Eutopia: A Novel of Terrible Optimisim

The year is 1911.   In Cold Spring Harbour, New York, the newly formed Eugenics Records Office is sending its agents to catalogue the infirm, the insane, and the criminal—with an eye to a cull, for the betterment of all.

Near Cracked Wheel, Montana, a terrible illness leaves Jason Thistledown an orphan, stranded in his dead mother’s cabin until the spring thaw shows him the true meaning of devastation—and the barest thread of hope.

At the edge of the utopian mill town of Eliada, Idaho, Doctor Andrew Waggoner faces a Klansman’s noose and glimpses wonder in the twisting face of the patient known only as Mister Juke.

And deep in a mountain lake overlooking that town, something stirs, and thinks, in its way:

Things are looking up.

Eutopia follows Jason and Andrew as together and alone, they delve into the secrets of Eliada—industrialist Garrison Harper’s attempt to incubate a perfect community on the edge of the dark woods and mountains of northern Idaho. What they find reveals the true, terrible cost of perfection—the cruelty of the surgeon’s knife—the folly of the cull—and a monstrous pact with beings that use perfection as a weapon, and faith as a trap.

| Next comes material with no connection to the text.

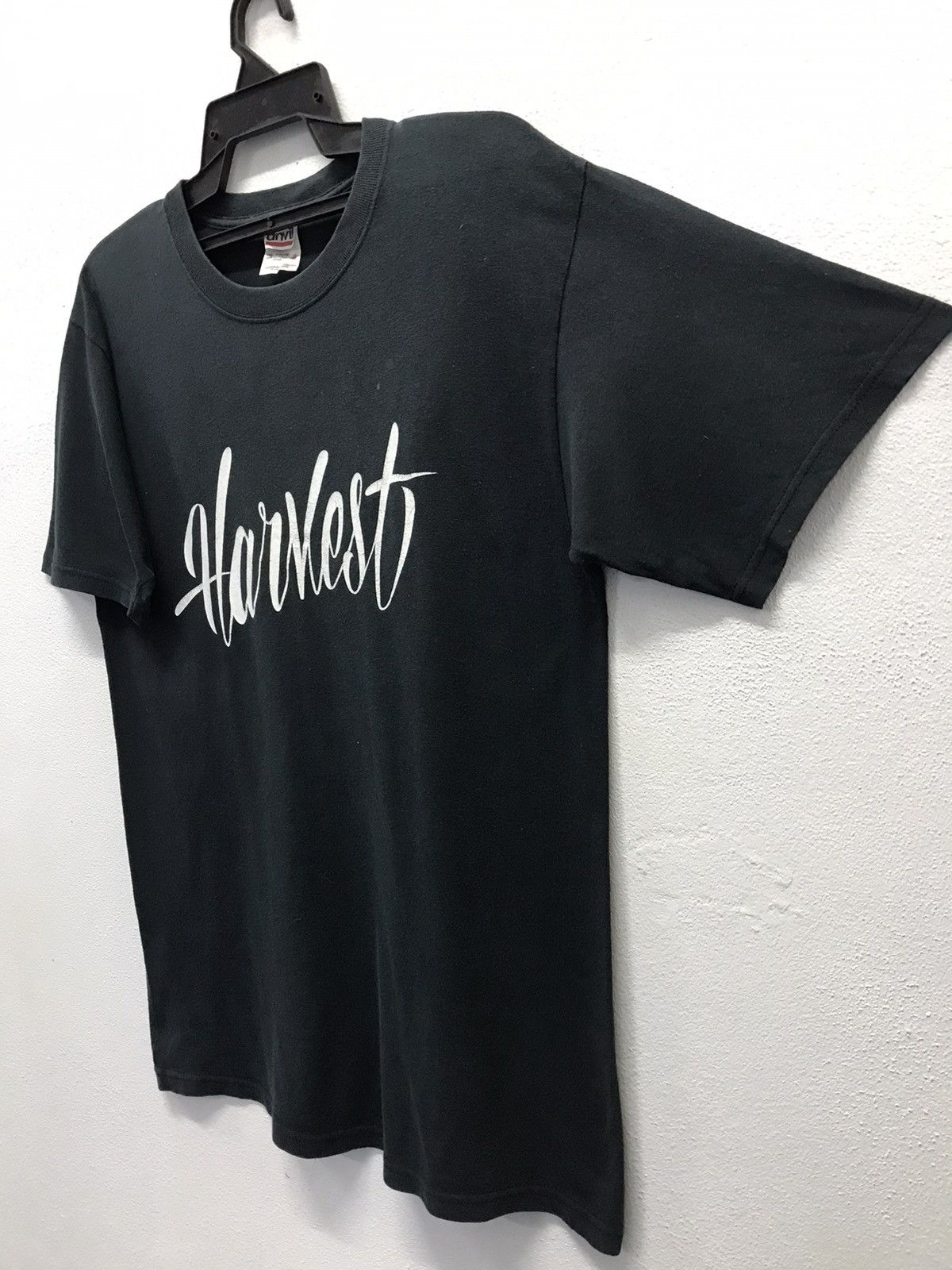 Anvil × Band Tees × Vintage Vintage Anvil Harvest Shirt Size US M / EU 48-50 / 2 - 5 Thumbnail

Praise for Eutopia: A Novel of Terrible Optimism

“Nickle(Monstrous Affections) blends Little House on the Prairie with distillates of Rosemary’s Baby and The X-Files 

to create a chilling survival-of-the-fittest story. . . . [His] bleak debut novel mixes utopian vision, rustic Americana, and pure creepiness.”
Publishers Weekly

“Toronto author David Nickle’s debut novel, the follow-up to his brilliantly wicked collection of horror stories Monstrous Affections, establishes him as a worthy heir to the mantle of Stephen King.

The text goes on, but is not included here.